▸ What this task involves
Transcribe the entries exactly. Start at the top, stop after the line with "Once you configure", and omit every picture.

+++ Provided entries

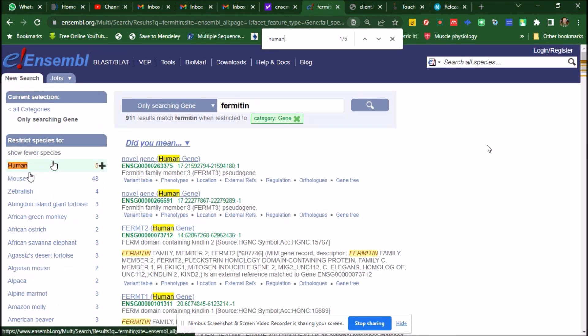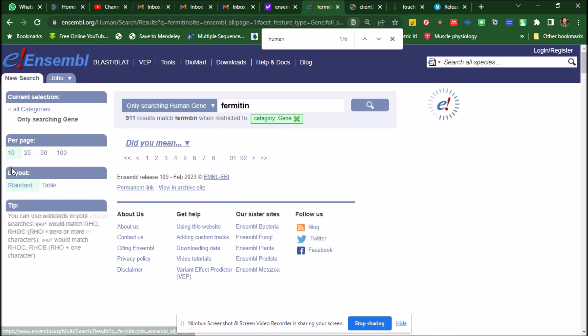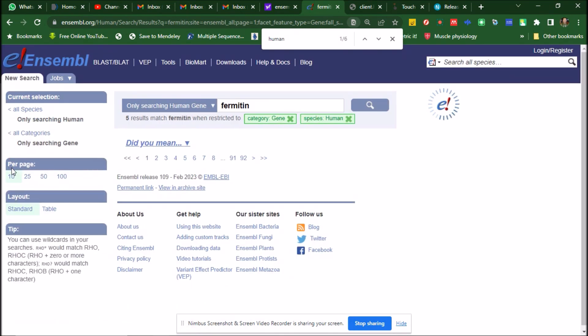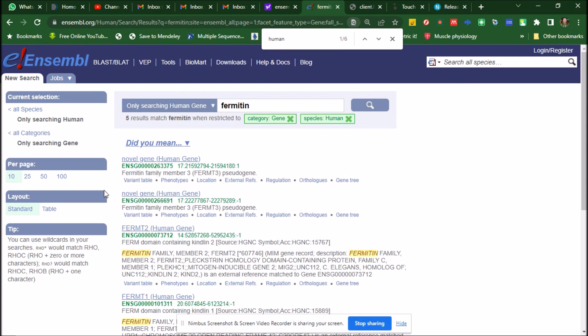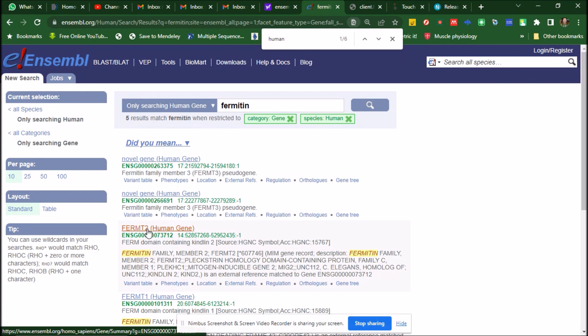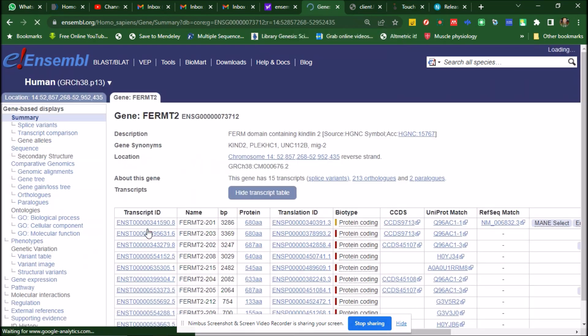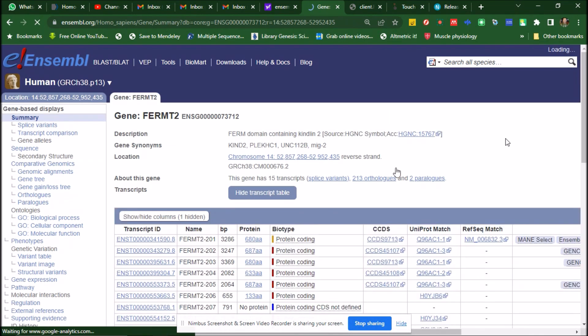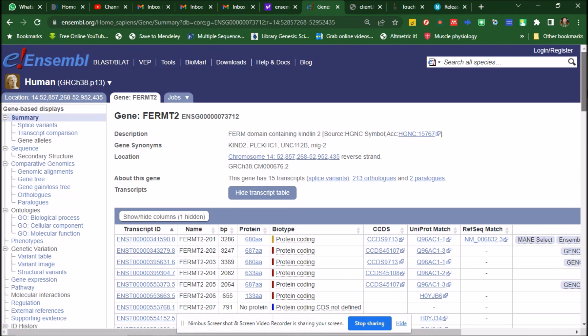And now, this novel gene, this FERMT2, let's say we go for it. FERMT2 is fermitin 2. And now this is the gene. This is all about, this is something similar to what you saw in the NCBI Browser.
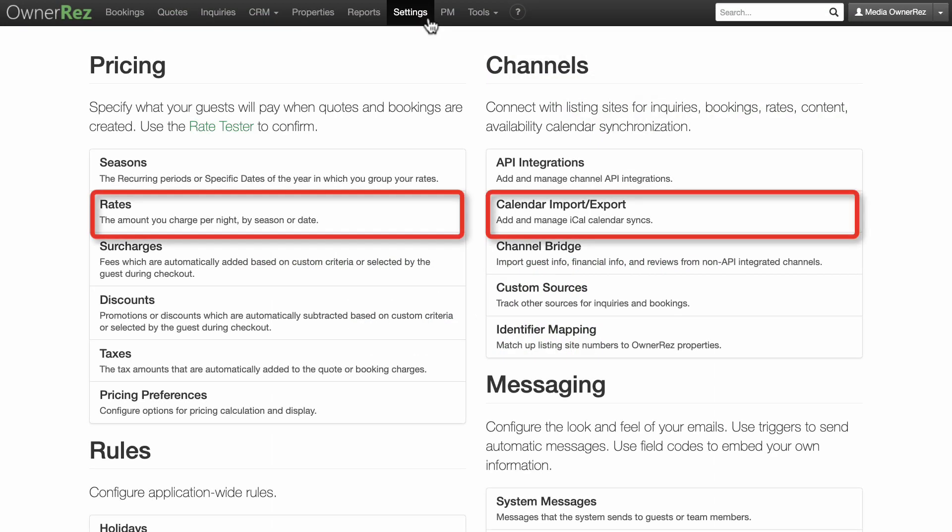Once you configure your property's rates and have shared calendars via iCal with other channels, you'll want to do some testing to make sure everything is synchronizing and displaying properly.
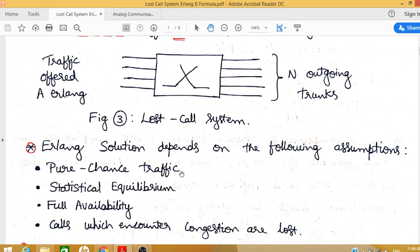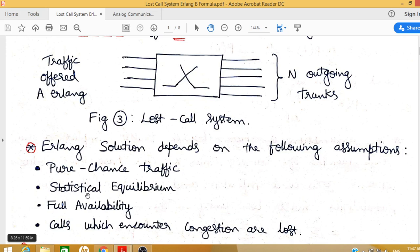With respect to pure chance traffic, call arrivals and call endings are considered as random events. The time duration between a call arriving and call termination is also considered random, and the arrival of one call relative to another is also a random event. With respect to statistical equilibrium, the probability of arrival as well as the probability of a call ending remains the same inside a busy hour.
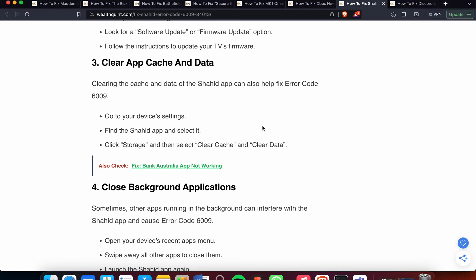Third, clear the app cache and data. Clearing the cache and data from your Shahid app can help fix Error Code 6009. Go to your device's Settings, find the Shahid app and select it, then click Storage and clear the cache and clear the data.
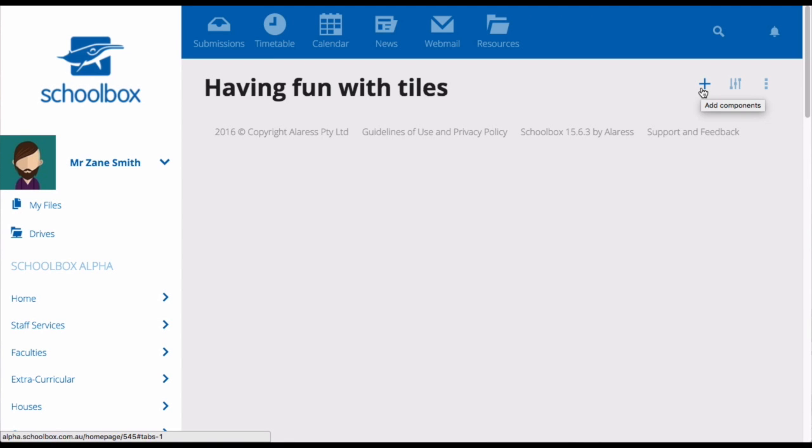Hey, this is Anna from Schoolbox. In this video, you're going to learn how to use the tiles component.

++++++

▸ Answer to this problem
And now, this novel gene, this FERMT2, let's say we go for it. FERMT2 is fermitin 2. And now this is the gene. This is all about, this is something similar to what you saw in the NCBI Browser.
Once you configure your property's rates and have shared calendars via iCal with other channels, you'll want to do some testing to make sure everything is synchronizing and displaying properly.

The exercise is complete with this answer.